Now, Sir, do take a closer look at the photograph in this article. On the wheelchair is my mother and the man next to her is my father.
My mother suffers from a nervous disorder because of which she has involuntary body movements and hence can hardly sit properly, leave alone walk. I therefore requested your airport officials to allow her to use the grand, spacious and routinely-empty 'VIP Lounge'. I was politely refused. To be fair, your official was red-faced, apologetic and embarrassed. But, Sir, it is this 'VIP culture' which failed her.

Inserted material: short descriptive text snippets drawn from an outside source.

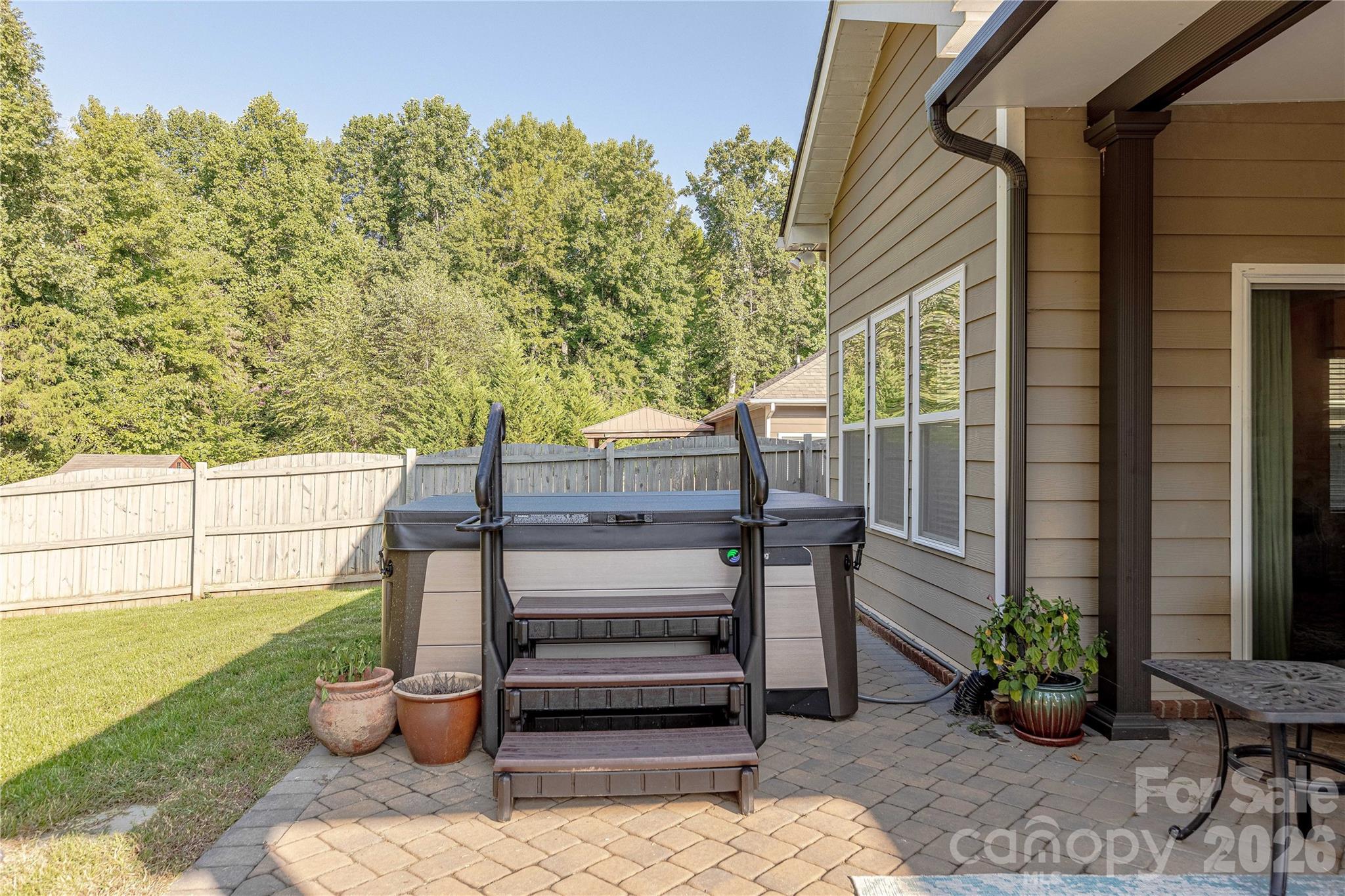 8115 Goodall Court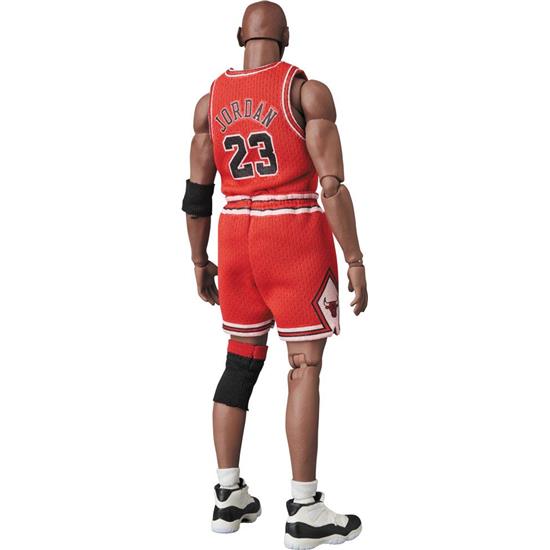 NBA: Michael Jordan (Chicago Bulls) MAF EX Action Figure 17 cm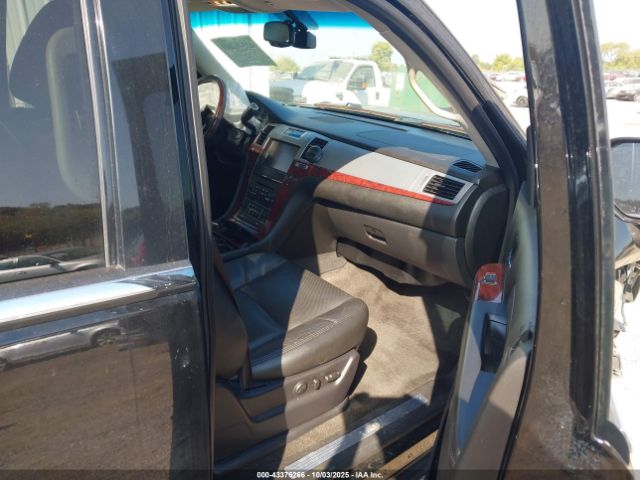 2013 CADILLAC ESCALADE ESV 1GYS4JEF5DR358500 Photo 4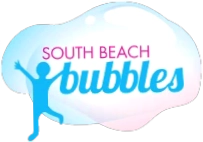 South Beach Bubbles
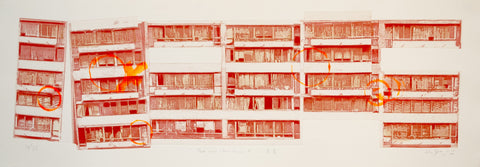 Hernan Gana • De construcción I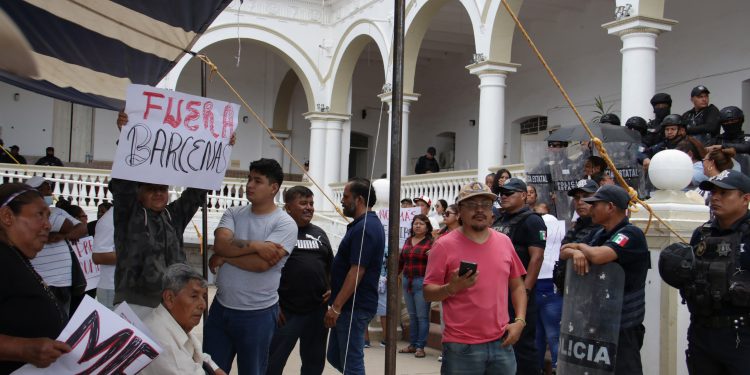 Congreso de Puebla analiza posible creación de un Consejo Municipal en Acatlán de Osorio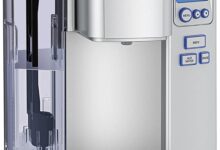 Why We Think the Cuisinart SS-10P1 Brews Best for Us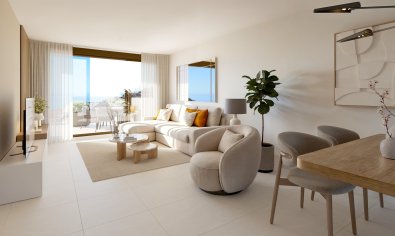 Nieuwbouw Woningen - Appartement - Begane grond -
Rincón de la Victoria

Sir, my parents are gentle, law-abiding, tax-paying senior citizens. My mother is 66 years old and my father will soon be 70. What harm could they have possibly done if they had been given access to the 'VIP Lounge'? Do just glance once again at the photograph: do they look dangerous to you? Moreover, your airport official confirmed that no VIP was even expected on that day or the next! Then why this discrimination based on so-called status and class perceptions? Shouldn't at least senior citizens, the differently-abled and pregnant women all be treated as 'VIP' citizens? Truth is it is this 'VIP culture' which failed her.
And that's not all. Helpless, we proceeded and as per rules, our personal wheelchair had to be checked in. Soon, your Air India staffer brought one that belonged to the airport. A rickety wheelchair with a broken handle. So, a replacement wheelchair arrived after we complained - one that's much smaller and is used to ferry people inside the narrow aisle of the aircraft.
Just imagine: a 66-year-old ailing senior citizen who struggles to even sit properly had to squeeze into that tiny wheelchair from 1 pm to 3.45 pm. For 2 hours and 45 minutes, she was in even more discomfort. Whereas she could have comfortably sat on one of the many sofas of that barely-used 'VIP Lounge'. I assure you she would not have demanded anything. No, Sir, she doesn't drink. Nor would she have asked for free cashew nuts to kill time. But it is this 'VIP culture' which failed her.
Also, because of her disability people stare at her. It makes her nervous and that hurts her already low self-esteem. But certainly, access to that 'VIP Lounge' would have given her some dignified privacy. But again, it is this 'VIP culture' which failed her.